A woman weeps at Hrastova Glavica, August 2008

Prijedor is “a laboratory of ethnic cleansing“. The population of the third largest city in the Republika Srpska was, before the war, approximately half Serb, half Bosniak. The VRS’s campaign of murder, expulsion, and detention in concentration camps reduced Prijedor’s Bosniak population by half. 14,000 people are estimated missing from the Prijedor Massacre, an act of genocide in the Bosnian War second only to Srebrenica. Today refugees and internally displaced persons are slowly returning to the region, making it an ethnically mixed community, unusual in post-war Bosnia, and making Prijedor, a city where war criminals and victims pass each other in the street each day, a laboratory of the living memory of the war in contemporary Bosnia.
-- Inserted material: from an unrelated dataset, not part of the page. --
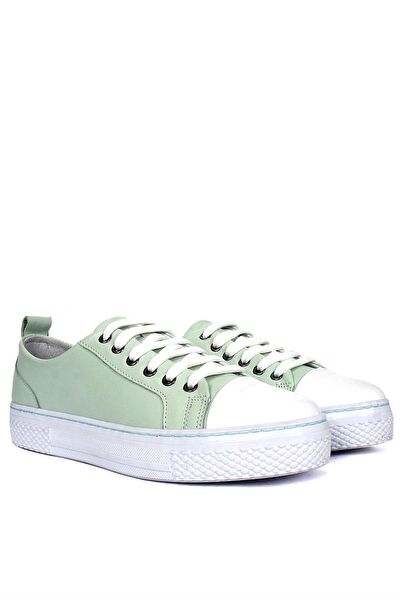 Pier Lucci Kadın Sneaker Ayakkabı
I traveled to Prijedor with a colleague from BIRN to cover memorial events for victims of Omarska concentration camp and Hrastova Glavica, a mass grave where 130 Omarska inmates were shot and buried following the camp’s closing in August, 1992. Most of the people we spoke with were former detainees or relatives of detainees. Their stories were horrific: starvation, torture, beating and random executions, all at the hands of their Serb neighbors and friends who had joined the VRS at the outbreak of the conflict. Nermin, an employee of Izvor (an remembrance and reconciliation NGO in Prijedor) was in his uncle’s apartment in 1992 when 13 Serb policemen came to arrest his uncle. He knew several of them well: “we were in school together and would get a beer and hang out quite often. They did not look me the eyes that day, and would not answer me when I spoke to them”. His uncle and grandfather were detained and later shot.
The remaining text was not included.